[GIVEN DATA — start]

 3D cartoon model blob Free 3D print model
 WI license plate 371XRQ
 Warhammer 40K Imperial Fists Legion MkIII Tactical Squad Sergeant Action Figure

[GIVEN DATA — finish]

Copy out exactly, and only, the lines from the one that contains "WI license plate 371XRQ" through the last line of the material above.

 WI license plate 371XRQ
 Warhammer 40K Imperial Fists Legion MkIII Tactical Squad Sergeant Action Figure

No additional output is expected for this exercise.